### Assignment
Exactly what is written in the records below should be returned, minus the images.

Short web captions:
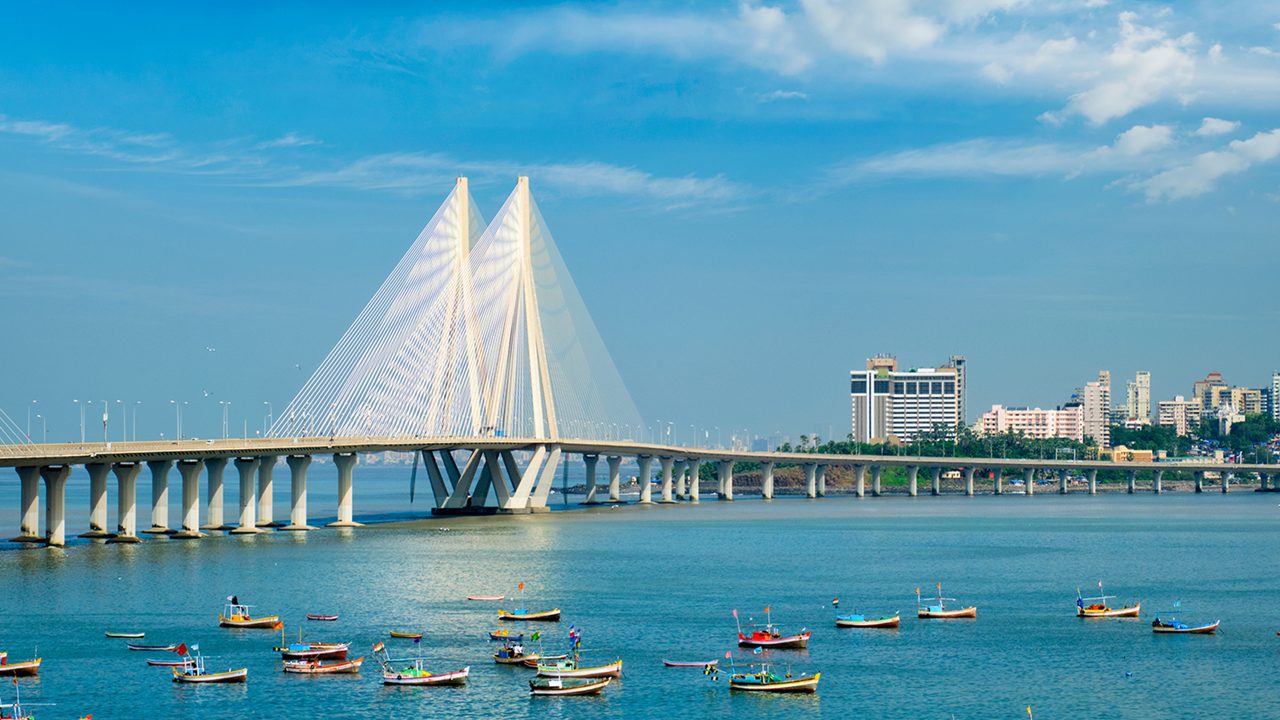 Gateway of India and South Mumbai heritage skyline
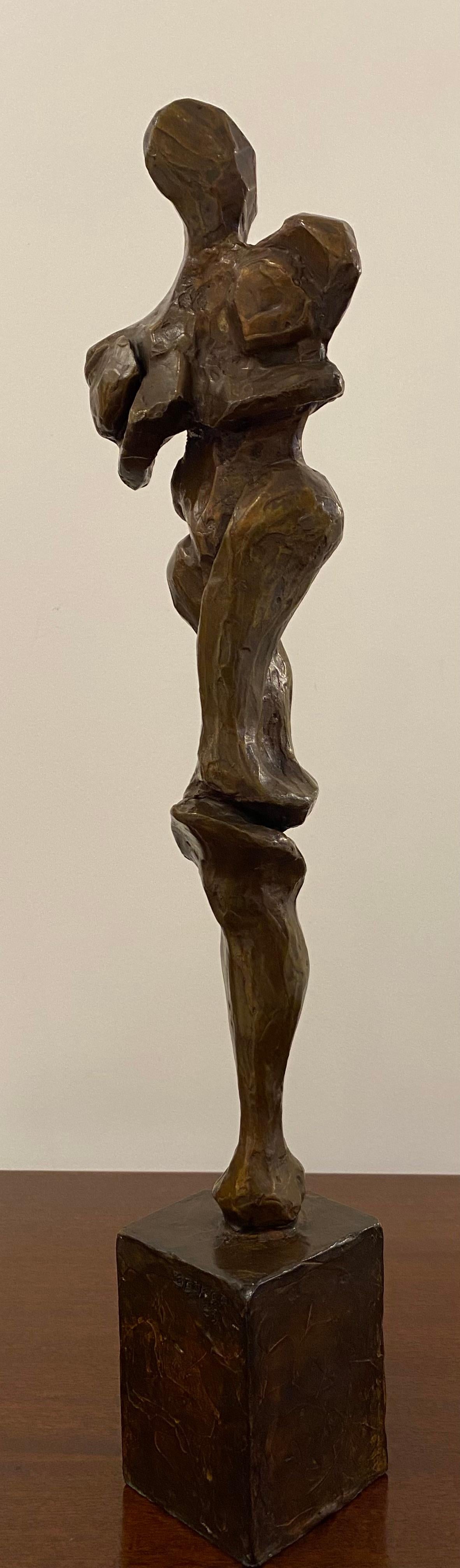 Mid-20th Century Abstracted Figure in Bronze by Sanford 'Sandy' Decker For Sale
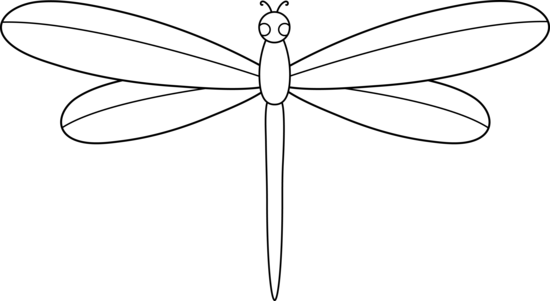 550x301 Dragonfly Line Art - Dragonfly Line Drawing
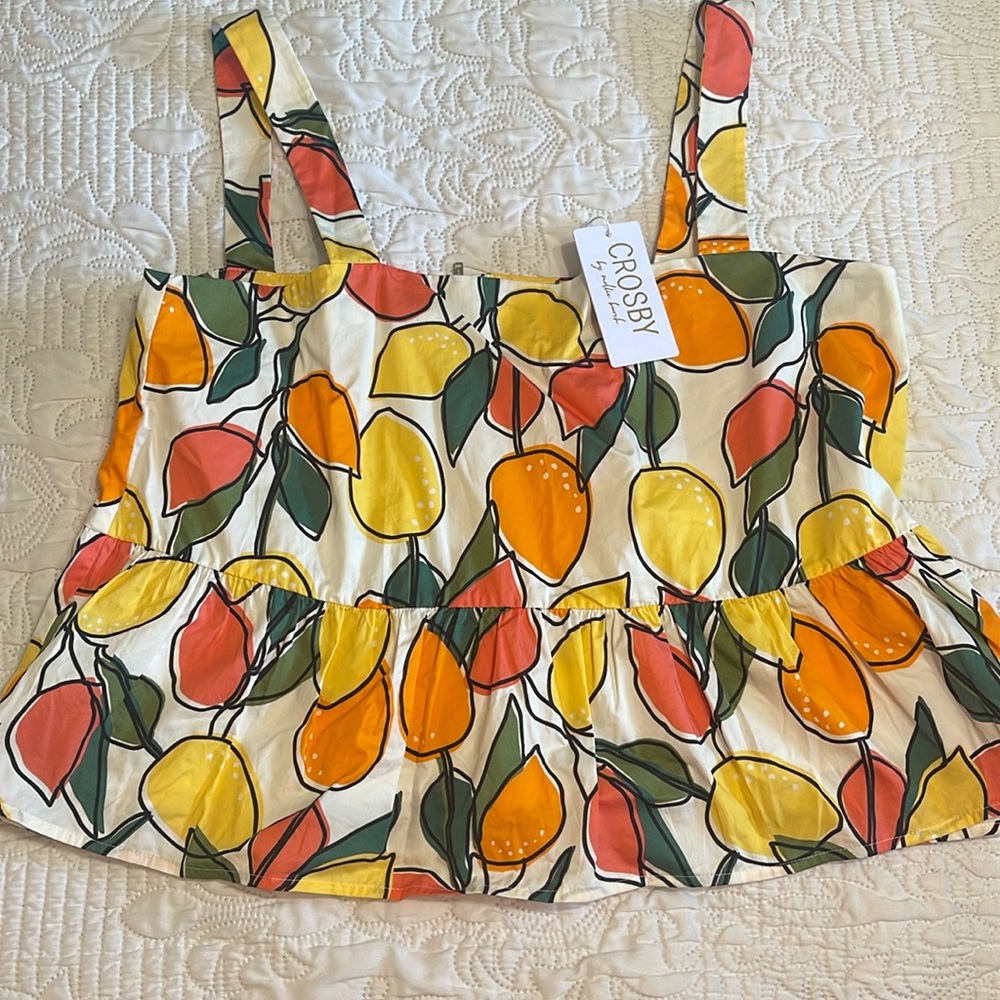Crosby Kami Top in Citron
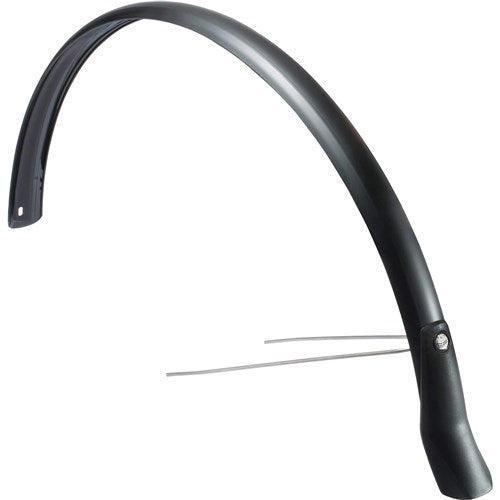 Eurofender lampo achterspartbord 58mm - 28 inch mat zwart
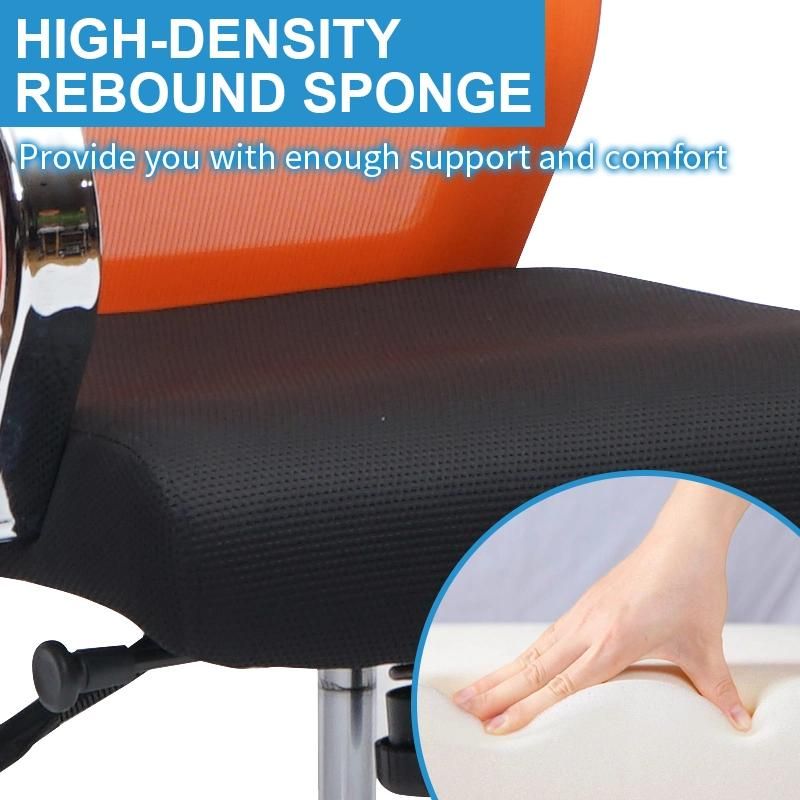 Adjustable Executive Cushionfull Mesh Armrest Modern Style Furniture Offical Office Ergonomics Chairs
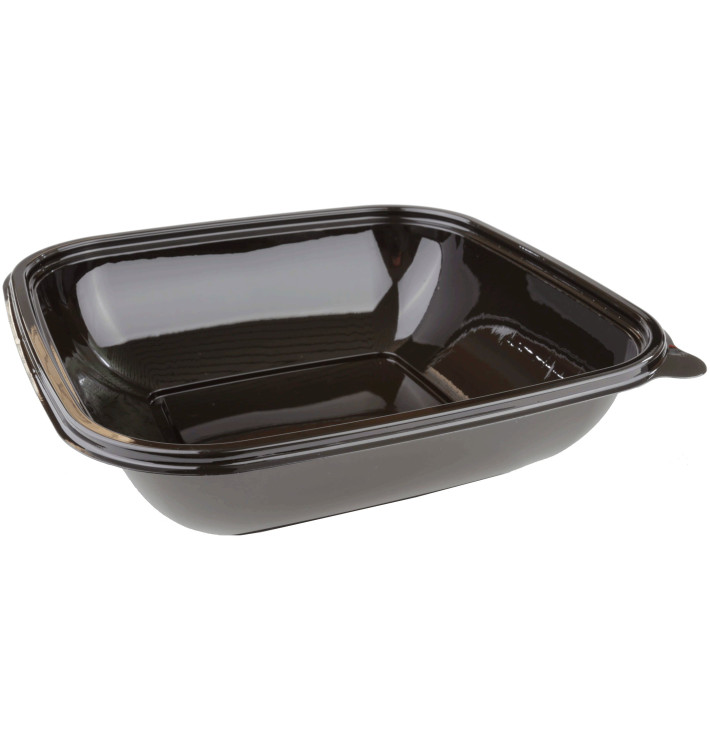 Bol de Plástico Negro PET 750ml 190x190x40mm (50 Uds) Bol de Plástico Negro PET 750ml 190x190x40mm (50 Uds)
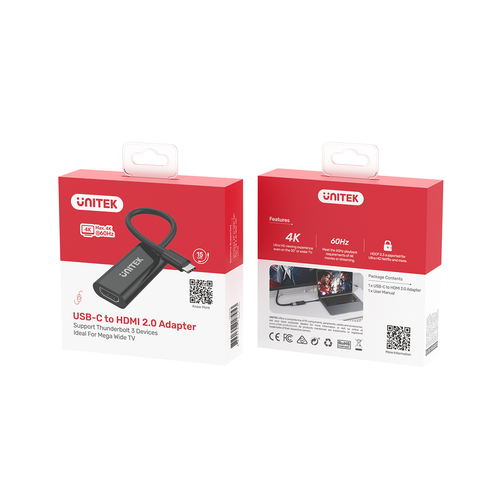 Unitek Adapter USB-C na HDMI 2.0, 4K@60Hz na Arena.pl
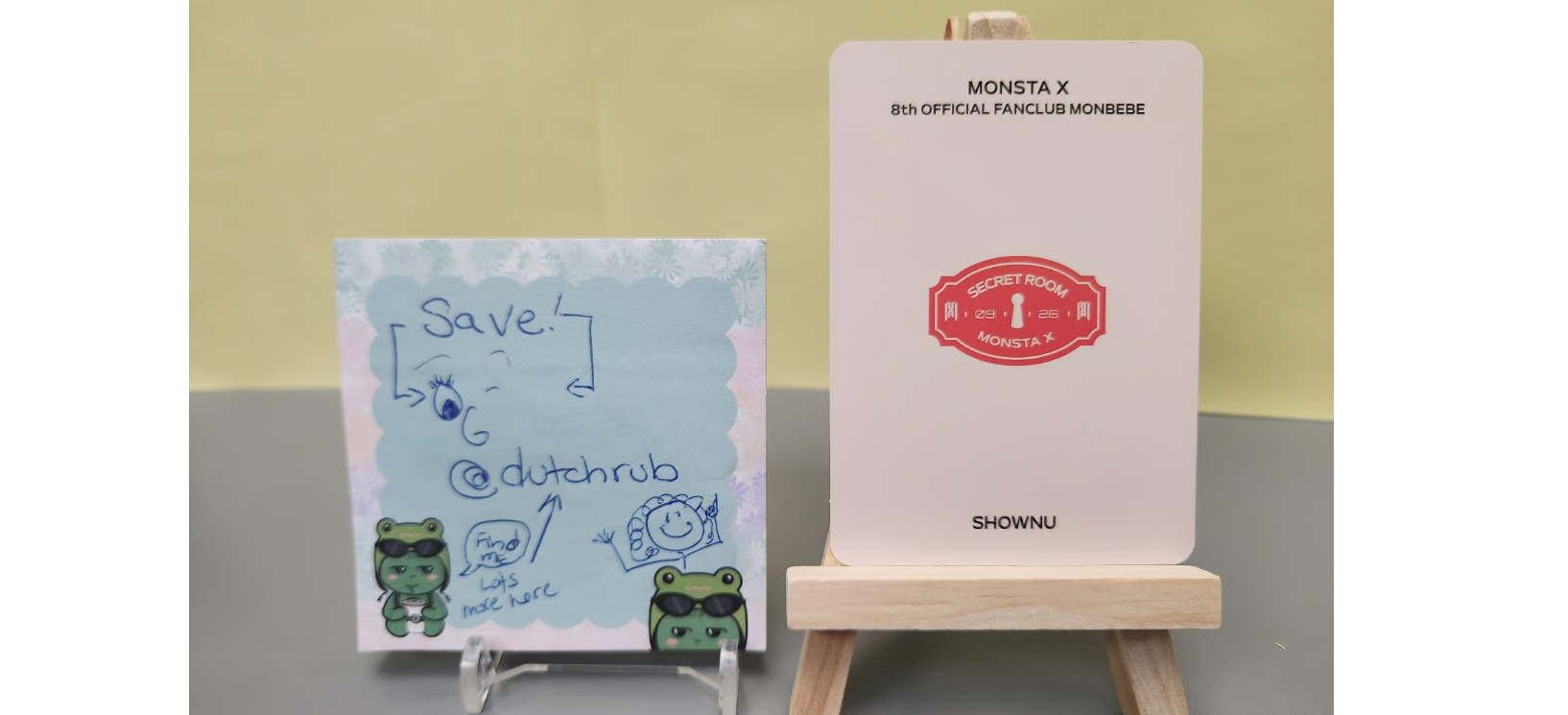 MONSTA X Shownu MONSTA X - Shownu - 8th Fanclub Membership  Other fanclub photocard set listing photo 2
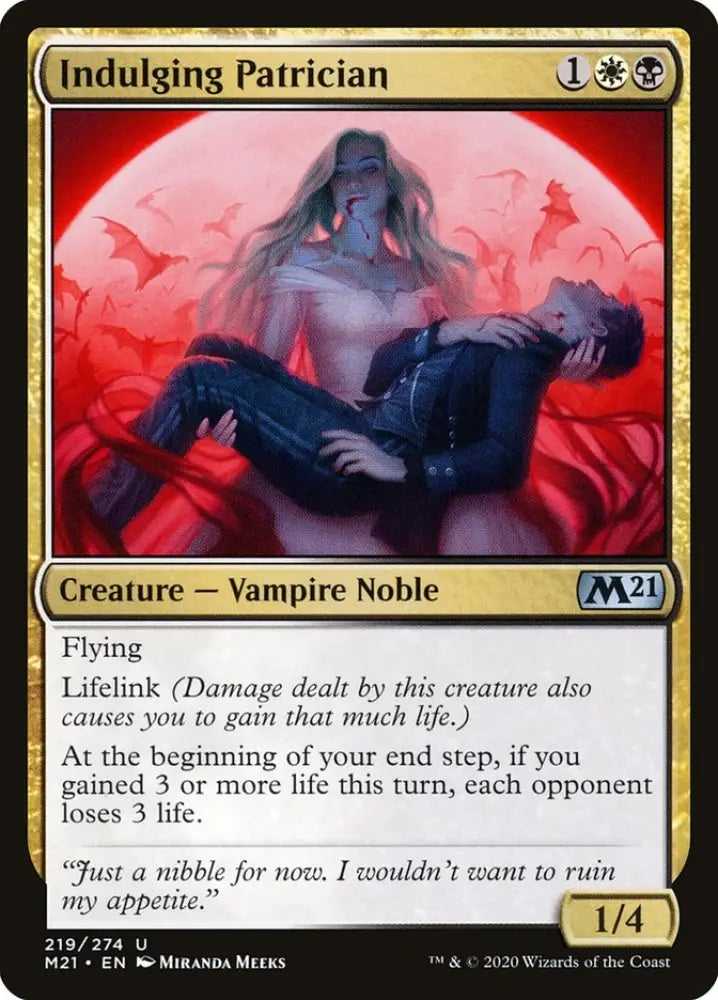 Indulging Patrician [Core Set 2021] - MTG Single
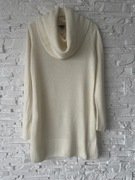 Sweter sukienka z golfem H&M Basic roz. S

### Answer box
 Gateway of India and South Mumbai heritage skyline
 Mid-20th Century Abstracted Figure in Bronze by Sanford 'Sandy' Decker For Sale
 550x301 Dragonfly Line Art - Dragonfly Line Drawing
Crosby Kami Top in Citron
 Eurofender lampo achterspartbord 58mm - 28 inch mat zwart
 Adjustable Executive Cushionfull Mesh Armrest Modern Style Furniture Offical Office Ergonomics Chairs
 Bol de Plástico Negro PET 750ml 190x190x40mm (50 Uds) Bol de Plástico Negro PET 750ml 190x190x40mm (50 Uds)
 Unitek Adapter USB-C na HDMI 2.0, 4K@60Hz na Arena.pl
 MONSTA X Shownu MONSTA X - Shownu - 8th Fanclub Membership  Other fanclub photocard set listing photo 2
 Indulging Patrician [Core Set 2021] - MTG Single
 Sweter sukienka z golfem H&M Basic roz. S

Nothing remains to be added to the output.